Role of permafrost thaw on organic carbon and nitrogen mineralization through affecting dissolved organic matter composition and microbial community in headwater rivers

Dissolved inorganic carbon and ammonium are essential nutrients that support aquatic primary productivity. However, the patterns and potential mechanisms of organic carbon and nitrogen mineralization under permafrost thaw caused by global warming remain unclear.

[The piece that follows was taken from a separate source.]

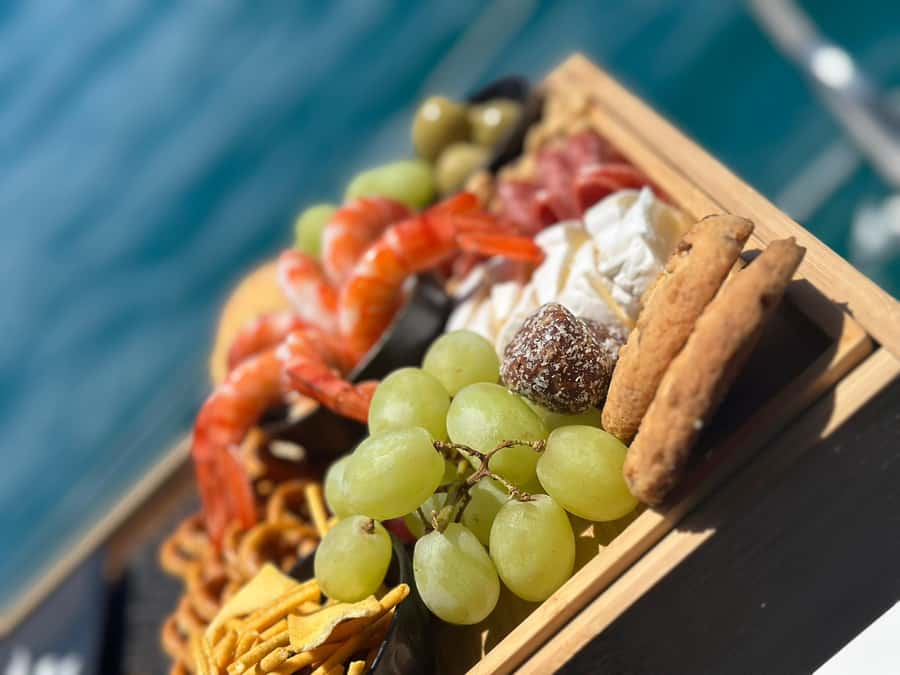 Gold Coast Private Sunset Sailing Charter w/ dinner & drinks - Meeting at Seaworld Drive Boat Ramp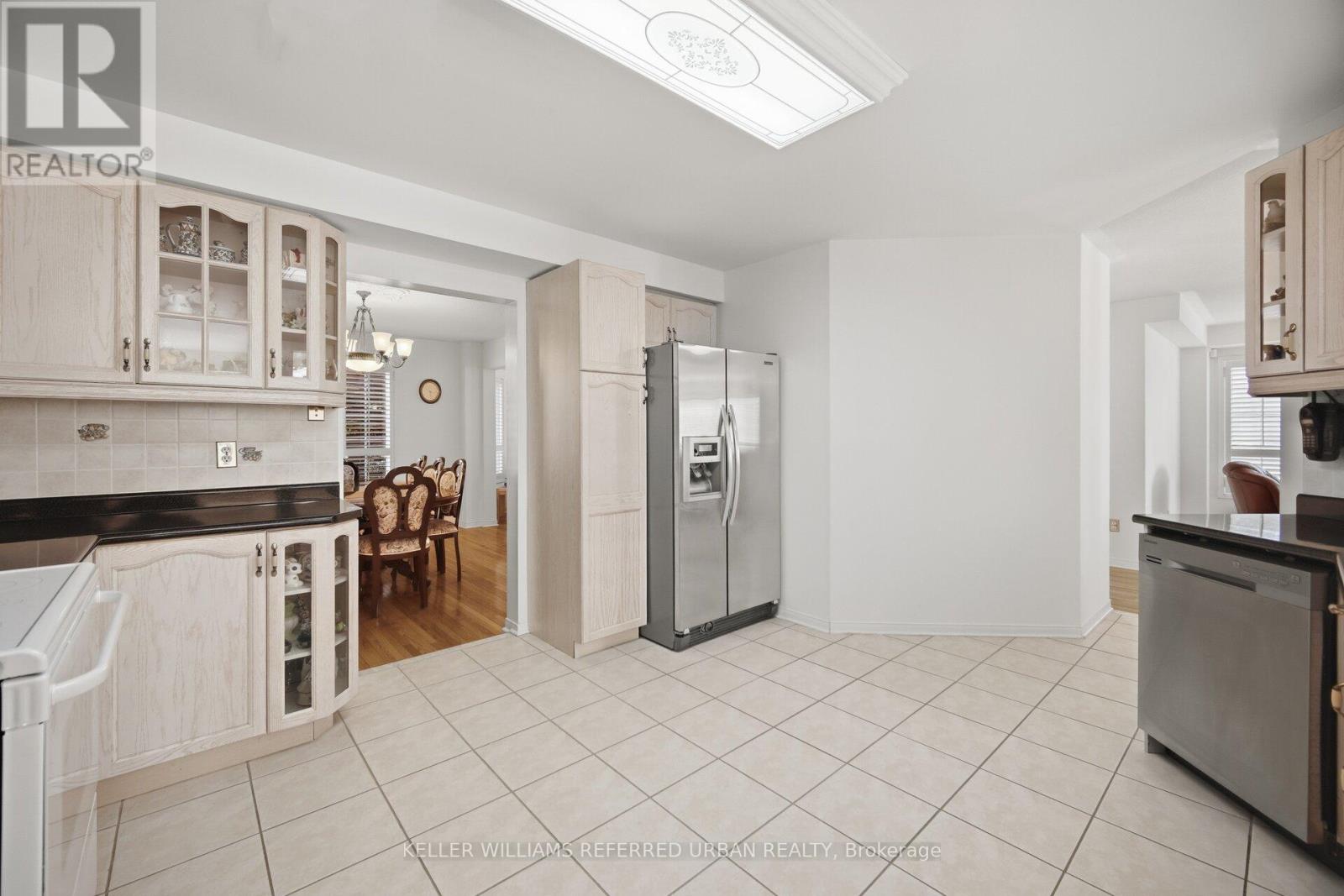 239 Drummond Drive, Vaughan, Ontario  L6A 3C1 - Photo 7 - N12981092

We usedFourier transform ion cyclotron resonance mass spectrometry, stable isotopic measurements (water, carbon, and nitrogen), as well as microbial high-throughput sequencing to explore the response of organic sourced dissolved inorganic carbon (DICoc) and ammonification rates to permafrost thaw in headwater rivers. The results revealed that permafrost thaw significantly altered dissolved organic carbon concentration, dissolved organic matter (DOM) optical and molecular composition, and was responsible for changes in microbial diversity and community composition. Furthermore, partial least squares path models further revealed that DICoc and ammonification rates were indirectly regulated by permafrost thaw through DOM composition and microbial community. This study highlights that permafrost thaw caused by global warming has a profound impact on organic carbon and nitrogen mineralization in headwater rivers, with increased inorganic carbon and ammonium release potentially threatening the stability of river ecosystems in high-latitude regions.